#### Problem description
In the records, find each line where "strong" occurs, and copy it.

#### Source information
#####

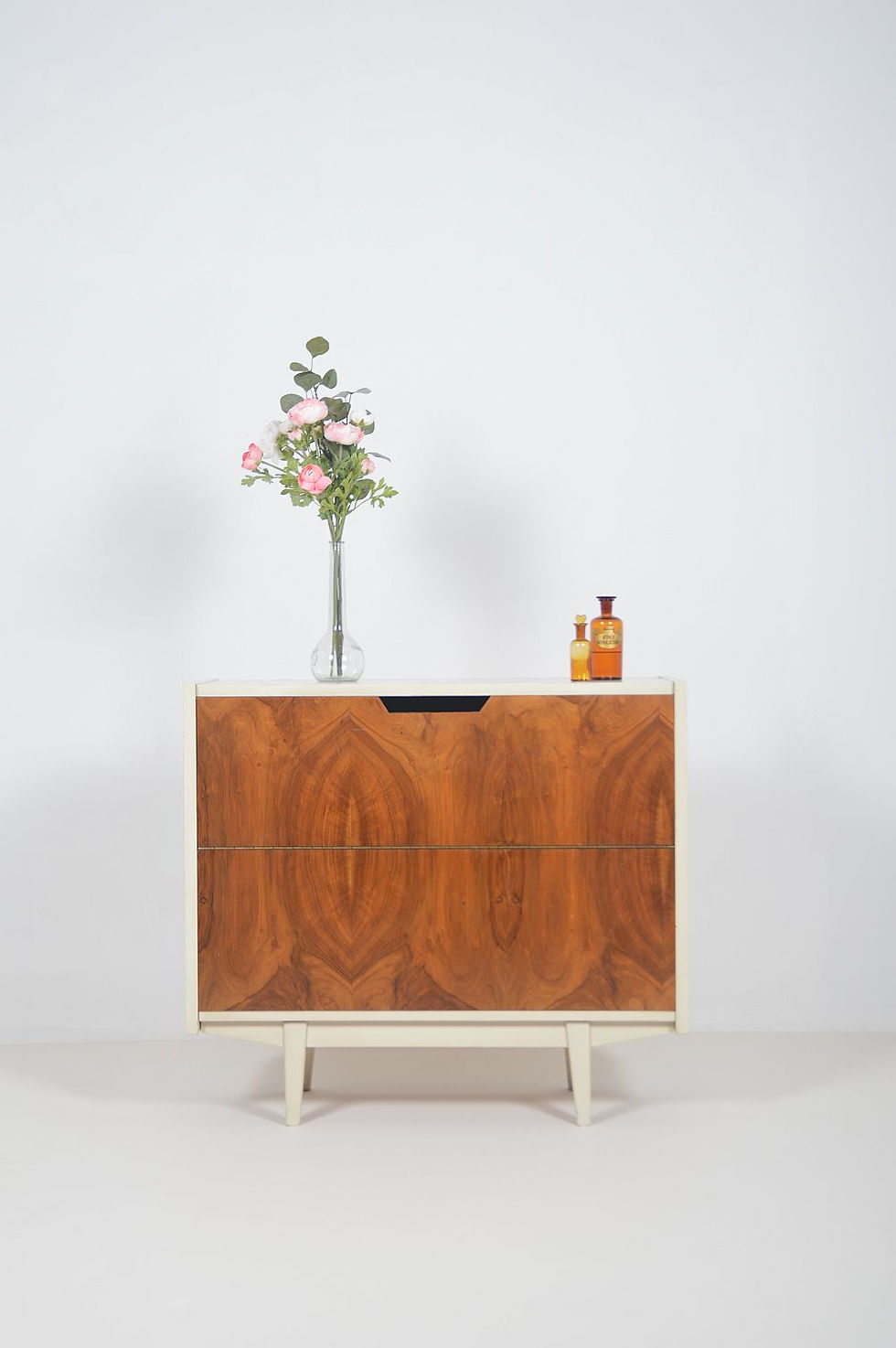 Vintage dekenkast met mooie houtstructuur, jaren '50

#####

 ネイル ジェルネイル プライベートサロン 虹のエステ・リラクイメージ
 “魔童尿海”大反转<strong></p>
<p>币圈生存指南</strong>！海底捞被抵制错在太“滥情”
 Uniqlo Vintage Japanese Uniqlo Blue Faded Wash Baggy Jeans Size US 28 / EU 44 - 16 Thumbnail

#####

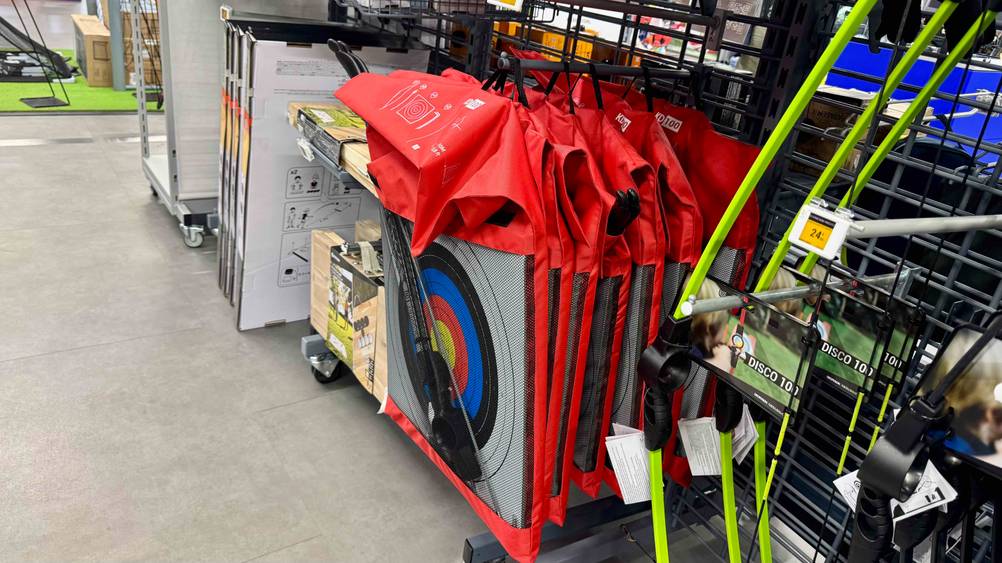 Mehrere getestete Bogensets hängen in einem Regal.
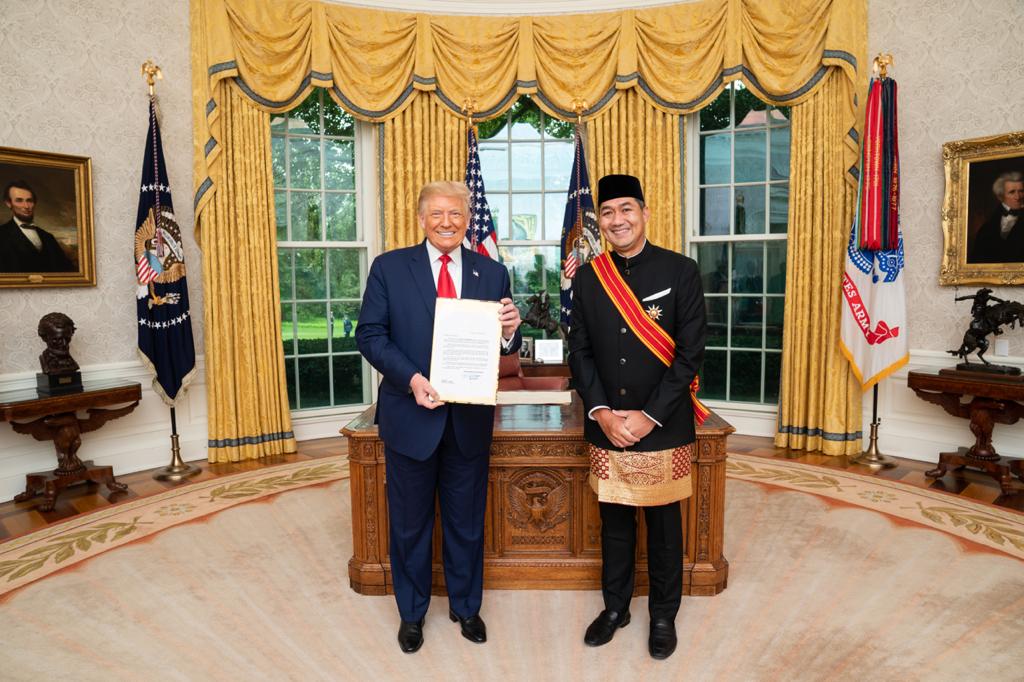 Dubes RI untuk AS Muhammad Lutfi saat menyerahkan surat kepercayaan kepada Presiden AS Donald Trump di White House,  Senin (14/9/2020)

#####

#### Reply to the exercise
 “魔童尿海”大反转<strong></p>
<p>币圈生存指南</strong>！海底捞被抵制错在太“滥情”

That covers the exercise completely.